:: EXTRACTED MATERIAL

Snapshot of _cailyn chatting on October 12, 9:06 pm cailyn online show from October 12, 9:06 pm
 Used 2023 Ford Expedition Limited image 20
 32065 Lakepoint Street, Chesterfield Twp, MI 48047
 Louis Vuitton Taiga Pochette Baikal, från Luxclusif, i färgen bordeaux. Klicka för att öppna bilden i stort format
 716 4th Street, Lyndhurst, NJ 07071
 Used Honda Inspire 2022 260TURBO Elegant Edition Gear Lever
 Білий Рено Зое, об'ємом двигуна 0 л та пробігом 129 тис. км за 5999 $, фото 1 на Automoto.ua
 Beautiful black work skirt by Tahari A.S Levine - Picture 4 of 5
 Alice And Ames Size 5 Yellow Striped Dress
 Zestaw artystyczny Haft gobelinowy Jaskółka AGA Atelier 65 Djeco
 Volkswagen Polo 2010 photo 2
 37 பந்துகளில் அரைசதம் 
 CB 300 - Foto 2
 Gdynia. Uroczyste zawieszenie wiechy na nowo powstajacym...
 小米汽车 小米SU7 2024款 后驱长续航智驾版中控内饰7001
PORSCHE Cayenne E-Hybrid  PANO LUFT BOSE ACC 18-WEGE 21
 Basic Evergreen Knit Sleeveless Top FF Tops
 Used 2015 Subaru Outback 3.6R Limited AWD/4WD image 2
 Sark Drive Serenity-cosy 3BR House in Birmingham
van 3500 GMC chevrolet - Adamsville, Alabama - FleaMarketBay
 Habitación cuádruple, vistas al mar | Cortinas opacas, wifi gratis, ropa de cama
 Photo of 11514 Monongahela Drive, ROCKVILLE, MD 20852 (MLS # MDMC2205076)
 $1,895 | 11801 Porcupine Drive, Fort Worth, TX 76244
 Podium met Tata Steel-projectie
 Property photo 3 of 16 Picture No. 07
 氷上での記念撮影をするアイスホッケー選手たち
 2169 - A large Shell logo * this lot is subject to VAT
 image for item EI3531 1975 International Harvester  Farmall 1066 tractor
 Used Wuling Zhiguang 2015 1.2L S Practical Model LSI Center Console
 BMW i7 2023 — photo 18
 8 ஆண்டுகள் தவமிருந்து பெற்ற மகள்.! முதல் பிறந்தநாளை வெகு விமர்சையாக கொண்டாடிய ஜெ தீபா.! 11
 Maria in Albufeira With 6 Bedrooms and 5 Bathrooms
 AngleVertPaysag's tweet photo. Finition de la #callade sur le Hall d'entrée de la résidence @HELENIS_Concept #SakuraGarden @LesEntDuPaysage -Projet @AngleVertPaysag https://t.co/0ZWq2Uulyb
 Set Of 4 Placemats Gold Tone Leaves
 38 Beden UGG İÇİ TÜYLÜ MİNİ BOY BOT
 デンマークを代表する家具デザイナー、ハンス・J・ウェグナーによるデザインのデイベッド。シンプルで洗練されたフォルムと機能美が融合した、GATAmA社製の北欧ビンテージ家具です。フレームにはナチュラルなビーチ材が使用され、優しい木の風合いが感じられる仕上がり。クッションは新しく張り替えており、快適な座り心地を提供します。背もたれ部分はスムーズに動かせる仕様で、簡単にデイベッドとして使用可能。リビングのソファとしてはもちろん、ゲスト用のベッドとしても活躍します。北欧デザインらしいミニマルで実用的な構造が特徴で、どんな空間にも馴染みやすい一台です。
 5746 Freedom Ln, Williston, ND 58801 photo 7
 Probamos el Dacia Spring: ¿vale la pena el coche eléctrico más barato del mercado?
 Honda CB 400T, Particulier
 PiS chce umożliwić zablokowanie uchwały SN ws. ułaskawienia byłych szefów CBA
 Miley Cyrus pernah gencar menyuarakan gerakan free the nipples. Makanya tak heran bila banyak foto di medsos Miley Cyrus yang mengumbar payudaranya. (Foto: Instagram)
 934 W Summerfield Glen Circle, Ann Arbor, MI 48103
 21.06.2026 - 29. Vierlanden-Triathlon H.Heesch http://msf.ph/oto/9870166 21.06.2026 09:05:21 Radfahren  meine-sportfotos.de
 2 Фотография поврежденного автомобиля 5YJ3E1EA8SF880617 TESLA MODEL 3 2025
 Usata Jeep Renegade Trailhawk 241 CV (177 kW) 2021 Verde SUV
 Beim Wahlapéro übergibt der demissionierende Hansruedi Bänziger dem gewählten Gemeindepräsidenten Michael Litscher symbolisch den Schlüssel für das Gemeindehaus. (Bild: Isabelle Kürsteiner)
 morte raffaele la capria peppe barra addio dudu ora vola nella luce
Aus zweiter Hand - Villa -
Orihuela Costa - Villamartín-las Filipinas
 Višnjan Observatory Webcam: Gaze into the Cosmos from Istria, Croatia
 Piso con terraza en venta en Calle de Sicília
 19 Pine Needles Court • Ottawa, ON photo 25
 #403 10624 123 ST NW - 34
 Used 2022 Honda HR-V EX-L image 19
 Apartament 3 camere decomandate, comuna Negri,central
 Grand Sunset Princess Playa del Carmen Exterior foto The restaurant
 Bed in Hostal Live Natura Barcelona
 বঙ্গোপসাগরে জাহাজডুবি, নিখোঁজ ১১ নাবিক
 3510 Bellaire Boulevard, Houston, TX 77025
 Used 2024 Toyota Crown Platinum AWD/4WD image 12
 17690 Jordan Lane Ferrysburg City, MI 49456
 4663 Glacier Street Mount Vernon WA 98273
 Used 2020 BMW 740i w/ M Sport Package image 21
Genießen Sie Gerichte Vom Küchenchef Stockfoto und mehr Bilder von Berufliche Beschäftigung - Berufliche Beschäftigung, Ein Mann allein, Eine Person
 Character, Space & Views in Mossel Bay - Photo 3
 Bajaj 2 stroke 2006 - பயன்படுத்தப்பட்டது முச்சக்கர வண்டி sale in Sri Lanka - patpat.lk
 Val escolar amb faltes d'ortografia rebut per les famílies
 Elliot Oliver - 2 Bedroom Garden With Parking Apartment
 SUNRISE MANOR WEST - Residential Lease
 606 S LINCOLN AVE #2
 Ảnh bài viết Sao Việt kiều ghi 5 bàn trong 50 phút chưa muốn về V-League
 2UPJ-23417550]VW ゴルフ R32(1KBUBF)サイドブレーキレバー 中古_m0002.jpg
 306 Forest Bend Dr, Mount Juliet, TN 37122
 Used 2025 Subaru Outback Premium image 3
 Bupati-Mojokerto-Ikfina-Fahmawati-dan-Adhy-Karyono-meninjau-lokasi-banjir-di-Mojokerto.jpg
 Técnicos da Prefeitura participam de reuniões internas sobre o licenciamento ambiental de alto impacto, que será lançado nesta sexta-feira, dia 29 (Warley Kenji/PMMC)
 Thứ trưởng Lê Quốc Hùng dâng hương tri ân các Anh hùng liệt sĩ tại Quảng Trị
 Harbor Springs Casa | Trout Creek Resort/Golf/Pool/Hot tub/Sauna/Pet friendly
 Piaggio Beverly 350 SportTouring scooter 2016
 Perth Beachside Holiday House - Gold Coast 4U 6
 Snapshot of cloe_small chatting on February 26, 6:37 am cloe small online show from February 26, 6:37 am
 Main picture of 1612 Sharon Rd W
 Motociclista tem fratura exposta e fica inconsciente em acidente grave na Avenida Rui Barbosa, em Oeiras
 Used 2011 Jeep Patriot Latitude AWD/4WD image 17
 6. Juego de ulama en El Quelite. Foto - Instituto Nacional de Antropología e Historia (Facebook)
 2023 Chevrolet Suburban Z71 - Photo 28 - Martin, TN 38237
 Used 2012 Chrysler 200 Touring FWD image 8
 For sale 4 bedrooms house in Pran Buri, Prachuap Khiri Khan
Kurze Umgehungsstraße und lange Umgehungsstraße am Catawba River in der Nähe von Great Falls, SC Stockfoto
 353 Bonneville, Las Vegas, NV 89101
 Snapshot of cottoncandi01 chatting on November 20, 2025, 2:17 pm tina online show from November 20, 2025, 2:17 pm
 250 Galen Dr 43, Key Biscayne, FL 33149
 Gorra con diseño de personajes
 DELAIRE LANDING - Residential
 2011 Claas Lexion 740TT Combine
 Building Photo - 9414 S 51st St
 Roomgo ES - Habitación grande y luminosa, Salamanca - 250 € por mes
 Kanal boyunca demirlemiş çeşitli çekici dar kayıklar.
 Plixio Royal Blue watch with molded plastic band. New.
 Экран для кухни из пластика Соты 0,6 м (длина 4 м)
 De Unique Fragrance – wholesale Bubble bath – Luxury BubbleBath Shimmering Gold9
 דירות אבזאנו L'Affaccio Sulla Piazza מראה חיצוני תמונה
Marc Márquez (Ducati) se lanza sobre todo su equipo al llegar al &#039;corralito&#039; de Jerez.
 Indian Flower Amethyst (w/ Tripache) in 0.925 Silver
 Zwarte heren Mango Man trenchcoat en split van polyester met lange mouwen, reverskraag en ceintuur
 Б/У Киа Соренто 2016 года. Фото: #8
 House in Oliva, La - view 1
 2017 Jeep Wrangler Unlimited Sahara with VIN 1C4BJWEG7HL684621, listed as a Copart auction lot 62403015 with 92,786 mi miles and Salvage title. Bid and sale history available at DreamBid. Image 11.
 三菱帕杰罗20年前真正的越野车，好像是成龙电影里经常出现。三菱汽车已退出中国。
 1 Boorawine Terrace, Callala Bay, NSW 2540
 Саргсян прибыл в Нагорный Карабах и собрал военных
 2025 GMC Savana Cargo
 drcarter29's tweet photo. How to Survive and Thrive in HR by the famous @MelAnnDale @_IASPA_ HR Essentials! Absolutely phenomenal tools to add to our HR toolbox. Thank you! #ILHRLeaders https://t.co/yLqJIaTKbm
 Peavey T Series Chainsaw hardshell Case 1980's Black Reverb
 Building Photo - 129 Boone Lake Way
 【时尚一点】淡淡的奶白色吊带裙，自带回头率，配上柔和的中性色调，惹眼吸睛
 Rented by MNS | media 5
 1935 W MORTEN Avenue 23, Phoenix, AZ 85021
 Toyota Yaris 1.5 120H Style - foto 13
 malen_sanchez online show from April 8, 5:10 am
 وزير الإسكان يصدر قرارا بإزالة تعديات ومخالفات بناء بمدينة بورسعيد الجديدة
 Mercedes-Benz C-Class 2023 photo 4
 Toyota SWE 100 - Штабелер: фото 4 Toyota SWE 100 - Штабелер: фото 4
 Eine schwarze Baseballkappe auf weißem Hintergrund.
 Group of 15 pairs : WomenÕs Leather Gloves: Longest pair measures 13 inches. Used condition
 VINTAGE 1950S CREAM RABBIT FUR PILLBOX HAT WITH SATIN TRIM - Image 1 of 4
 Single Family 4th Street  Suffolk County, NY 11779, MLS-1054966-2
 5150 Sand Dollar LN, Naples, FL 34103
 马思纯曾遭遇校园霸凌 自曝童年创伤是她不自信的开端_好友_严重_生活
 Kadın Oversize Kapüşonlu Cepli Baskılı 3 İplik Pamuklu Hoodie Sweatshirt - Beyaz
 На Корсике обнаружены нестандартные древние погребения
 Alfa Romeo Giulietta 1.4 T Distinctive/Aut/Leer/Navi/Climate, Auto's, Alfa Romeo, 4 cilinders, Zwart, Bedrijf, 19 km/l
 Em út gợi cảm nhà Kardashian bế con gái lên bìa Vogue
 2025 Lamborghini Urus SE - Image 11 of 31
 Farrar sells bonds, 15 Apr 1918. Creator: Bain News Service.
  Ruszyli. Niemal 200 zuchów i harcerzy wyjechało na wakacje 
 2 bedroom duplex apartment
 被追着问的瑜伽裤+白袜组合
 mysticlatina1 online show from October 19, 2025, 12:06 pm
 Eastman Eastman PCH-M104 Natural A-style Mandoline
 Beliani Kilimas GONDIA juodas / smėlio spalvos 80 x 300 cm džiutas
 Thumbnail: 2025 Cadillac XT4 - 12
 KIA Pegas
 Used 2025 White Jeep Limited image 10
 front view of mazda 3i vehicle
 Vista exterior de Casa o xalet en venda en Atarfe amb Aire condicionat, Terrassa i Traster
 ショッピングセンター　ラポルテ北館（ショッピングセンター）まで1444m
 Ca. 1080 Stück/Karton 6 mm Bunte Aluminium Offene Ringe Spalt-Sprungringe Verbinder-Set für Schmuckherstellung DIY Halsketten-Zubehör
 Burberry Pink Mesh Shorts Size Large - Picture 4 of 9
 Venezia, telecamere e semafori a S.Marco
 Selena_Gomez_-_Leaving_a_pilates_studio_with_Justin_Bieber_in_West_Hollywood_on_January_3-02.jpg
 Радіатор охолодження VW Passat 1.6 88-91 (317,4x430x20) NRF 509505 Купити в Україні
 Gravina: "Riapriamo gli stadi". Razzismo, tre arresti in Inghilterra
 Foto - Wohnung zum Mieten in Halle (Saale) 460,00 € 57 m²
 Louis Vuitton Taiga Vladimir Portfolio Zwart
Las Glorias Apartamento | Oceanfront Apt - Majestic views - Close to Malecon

::::

■ ACTION ITEM
From the records above, reproduce exactly the lines from the one with "Usata Jeep Renegade" to the one with "Beim Wahlapéro übergibt", both included, and no others.

■ RESPONSE
 Usata Jeep Renegade Trailhawk 241 CV (177 kW) 2021 Verde SUV
 Beim Wahlapéro übergibt der demissionierende Hansruedi Bänziger dem gewählten Gemeindepräsidenten Michael Litscher symbolisch den Schlüssel für das Gemeindehaus. (Bild: Isabelle Kürsteiner)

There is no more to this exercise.